■ WORK ORDER: Find the line containing "Used 2020 Hyundai" in the entries below. Restate it and each line after it, word for word, up to and including the line containing "BMW 5 Series".

[RECORDS Boundary: Start]

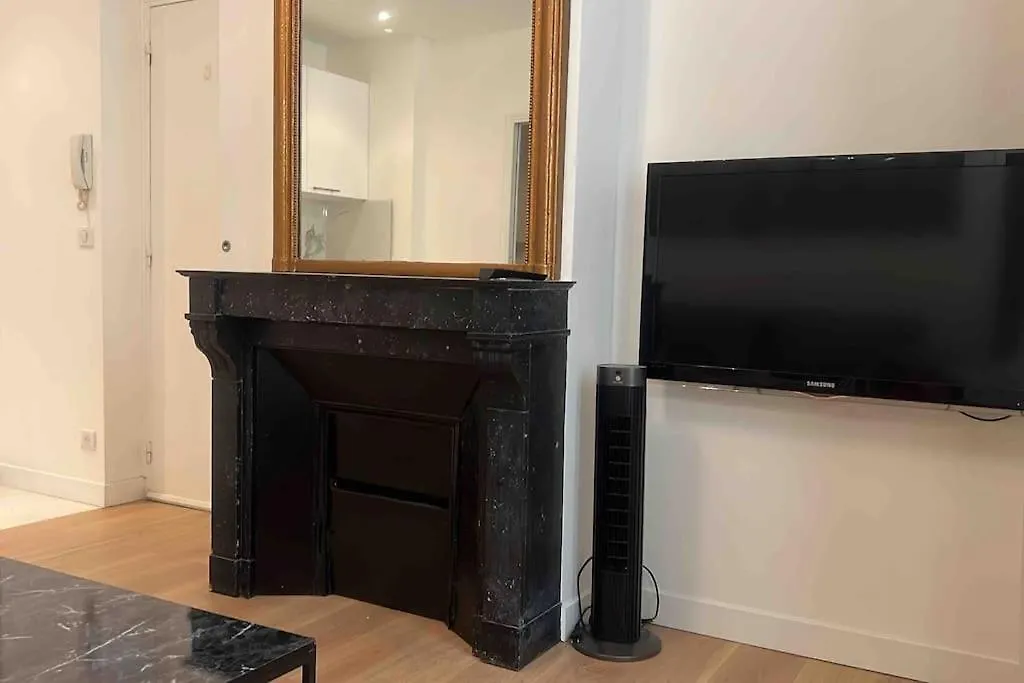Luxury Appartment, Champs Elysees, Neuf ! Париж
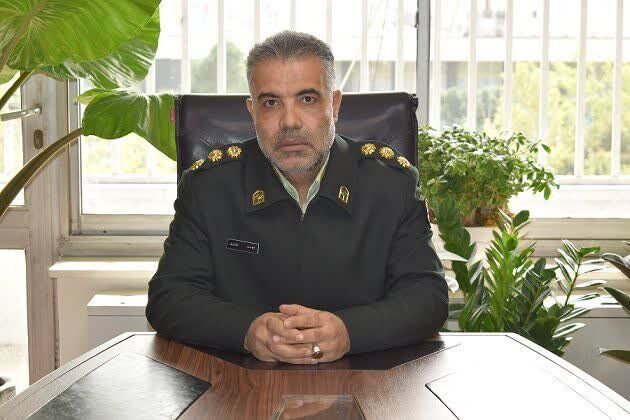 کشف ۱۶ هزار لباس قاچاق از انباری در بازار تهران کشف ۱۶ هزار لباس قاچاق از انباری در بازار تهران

[RECORDS Boundary: End]
[RECORDS Boundary: Start]

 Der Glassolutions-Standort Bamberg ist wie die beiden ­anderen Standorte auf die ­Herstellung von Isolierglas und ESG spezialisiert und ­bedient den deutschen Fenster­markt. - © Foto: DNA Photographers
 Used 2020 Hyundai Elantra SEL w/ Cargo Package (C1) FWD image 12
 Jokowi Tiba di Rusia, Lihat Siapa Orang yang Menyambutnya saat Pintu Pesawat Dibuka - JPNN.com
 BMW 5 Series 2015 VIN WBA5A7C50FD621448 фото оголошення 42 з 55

[RECORDS Boundary: End]
[RECORDS Boundary: Start]

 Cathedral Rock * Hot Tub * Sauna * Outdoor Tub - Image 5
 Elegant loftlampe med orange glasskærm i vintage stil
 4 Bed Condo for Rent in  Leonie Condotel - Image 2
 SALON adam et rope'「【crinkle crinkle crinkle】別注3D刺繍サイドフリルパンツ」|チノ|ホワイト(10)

[RECORDS Boundary: End]

■ ANSWER TO THIS TASK:
 Used 2020 Hyundai Elantra SEL w/ Cargo Package (C1) FWD image 12
 Jokowi Tiba di Rusia, Lihat Siapa Orang yang Menyambutnya saat Pintu Pesawat Dibuka - JPNN.com
 BMW 5 Series 2015 VIN WBA5A7C50FD621448 фото оголошення 42 з 55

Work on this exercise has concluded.